Contingency analysis and database generation: For each condition, an optimal power flow is performed, minimizing the production cost under voltage, current, flow constraints in N. Then consequences of busbar fault are studied with a quasi steady state simulation (QSSS) tool, where the simulation is run for 1,500 s and the contingency is applied at 900 s. Scenarios are characterized as unacceptable if any of SEO EHV bus voltage falls below 0.8 p.u or the simulation does not converge. Then a learning dataset is formed using pre-contingency attributes of every scenario (sampled at 890 s of QSSS) that drives voltage stability phenomenon, such as voltages, active/reactive power flows, productions etc., and their respective classifications. Then security rules are produced using decision tree to detect a probable voltage collapse situation contingent upon the severe event. An independent test set is used to validate the tree.

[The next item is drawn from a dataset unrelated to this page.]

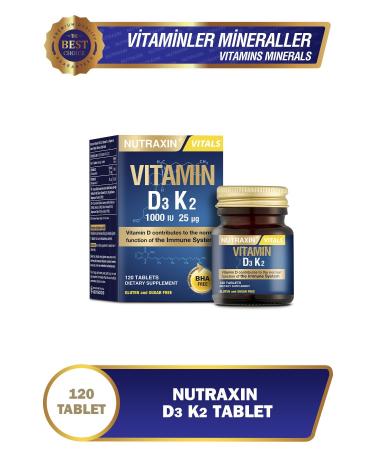 Nutraxin D3K2 120 Tablets - 1000 IU vitamin D3 25 mcg vitamin K2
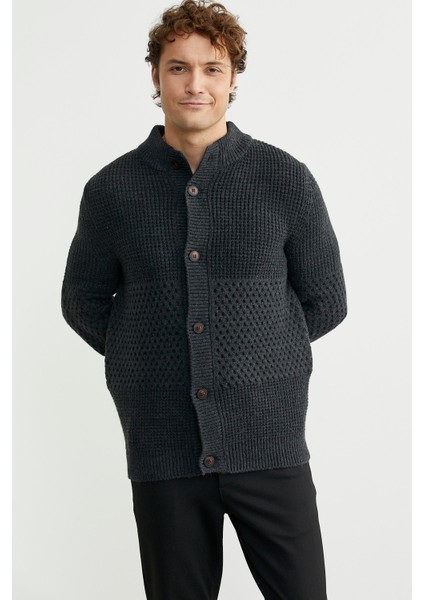 Petek Motifli Dik Yaka Triko Hırka - Antrasit fiyatları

The software tools used in the study are:

  1. 1.

    ASSESS—Special platform for statistical and probabilistic analyses of power networks (Available at: http://www.rte-france.com/htm/an/activites/assess.jsp)

  2. 2.

    TROPIC—Optimal Power Flow tool, embedded with ASSESS, to create initial base cases

  3. 3.

    ASTRE—Simulating slow dynamic phenomena (QSSS), embedded with ASSESS

  4. 4.

    SAS—Statistical analysis and database processing

  5. 5.

    ORANGE, WEKA—Decision tree tools

5.2 Numerical Illustration

One of the major significances of this case study, apart from the demonstration of efficient training database generation for decision trees, is the consideration of system load with non-parametric multivariate distribution including the mutual correlation or inter-load dependencies. The multivariate load distribution is comprised of 640 load buses, on which the two-stage efficient sampling process is performed to generate influential operating conditions for preparing training database.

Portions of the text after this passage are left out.